### About this exercise
Locate the line containing "Number 51566 infographic" in the data below. Reproduce it and every following line up to the end, exactly as given.

Caption-style text data:

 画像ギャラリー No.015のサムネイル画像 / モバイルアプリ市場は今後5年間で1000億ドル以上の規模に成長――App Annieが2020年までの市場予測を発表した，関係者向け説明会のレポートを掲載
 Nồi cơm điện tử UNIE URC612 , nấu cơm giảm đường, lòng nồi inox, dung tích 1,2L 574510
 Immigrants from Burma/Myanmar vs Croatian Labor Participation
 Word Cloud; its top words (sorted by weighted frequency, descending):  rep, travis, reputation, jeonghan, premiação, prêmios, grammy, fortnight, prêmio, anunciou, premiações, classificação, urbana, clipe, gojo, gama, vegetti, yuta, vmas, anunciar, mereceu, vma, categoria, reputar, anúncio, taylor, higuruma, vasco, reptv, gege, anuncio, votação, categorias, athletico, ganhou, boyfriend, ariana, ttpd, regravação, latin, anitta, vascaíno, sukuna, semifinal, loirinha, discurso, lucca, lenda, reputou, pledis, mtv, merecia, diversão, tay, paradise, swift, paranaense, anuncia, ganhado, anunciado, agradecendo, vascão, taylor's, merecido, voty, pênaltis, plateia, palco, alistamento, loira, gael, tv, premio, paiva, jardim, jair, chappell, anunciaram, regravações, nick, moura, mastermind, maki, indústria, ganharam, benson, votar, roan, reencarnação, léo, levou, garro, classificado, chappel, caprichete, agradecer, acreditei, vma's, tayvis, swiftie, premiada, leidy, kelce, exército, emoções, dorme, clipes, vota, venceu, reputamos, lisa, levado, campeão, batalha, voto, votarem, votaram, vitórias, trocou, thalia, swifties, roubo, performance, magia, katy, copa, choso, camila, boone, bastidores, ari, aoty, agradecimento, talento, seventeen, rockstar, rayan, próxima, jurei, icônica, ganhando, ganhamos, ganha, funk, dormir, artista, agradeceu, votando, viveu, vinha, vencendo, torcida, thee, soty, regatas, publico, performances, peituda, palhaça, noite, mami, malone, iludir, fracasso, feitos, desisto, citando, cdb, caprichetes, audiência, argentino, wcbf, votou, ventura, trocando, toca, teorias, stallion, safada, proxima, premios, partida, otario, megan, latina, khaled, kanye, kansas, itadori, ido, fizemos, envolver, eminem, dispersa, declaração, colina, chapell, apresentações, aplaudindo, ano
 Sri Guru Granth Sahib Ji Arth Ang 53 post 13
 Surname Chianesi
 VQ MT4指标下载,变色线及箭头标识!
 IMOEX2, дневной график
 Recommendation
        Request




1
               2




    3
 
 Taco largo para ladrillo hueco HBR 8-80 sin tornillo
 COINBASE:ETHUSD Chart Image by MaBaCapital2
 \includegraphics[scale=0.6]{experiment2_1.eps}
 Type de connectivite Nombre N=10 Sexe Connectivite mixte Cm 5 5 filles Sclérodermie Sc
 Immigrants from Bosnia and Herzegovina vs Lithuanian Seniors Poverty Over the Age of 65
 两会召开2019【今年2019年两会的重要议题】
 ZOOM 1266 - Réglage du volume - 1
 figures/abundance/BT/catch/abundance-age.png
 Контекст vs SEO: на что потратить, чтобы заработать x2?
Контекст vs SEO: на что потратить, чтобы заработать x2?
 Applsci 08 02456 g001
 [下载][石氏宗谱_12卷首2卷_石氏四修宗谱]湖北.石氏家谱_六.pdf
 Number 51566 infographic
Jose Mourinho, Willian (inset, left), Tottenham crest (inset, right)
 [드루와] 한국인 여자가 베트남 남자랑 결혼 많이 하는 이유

### Exercise solution
 Number 51566 infographic
Jose Mourinho, Willian (inset, left), Tottenham crest (inset, right)
 [드루와] 한국인 여자가 베트남 남자랑 결혼 많이 하는 이유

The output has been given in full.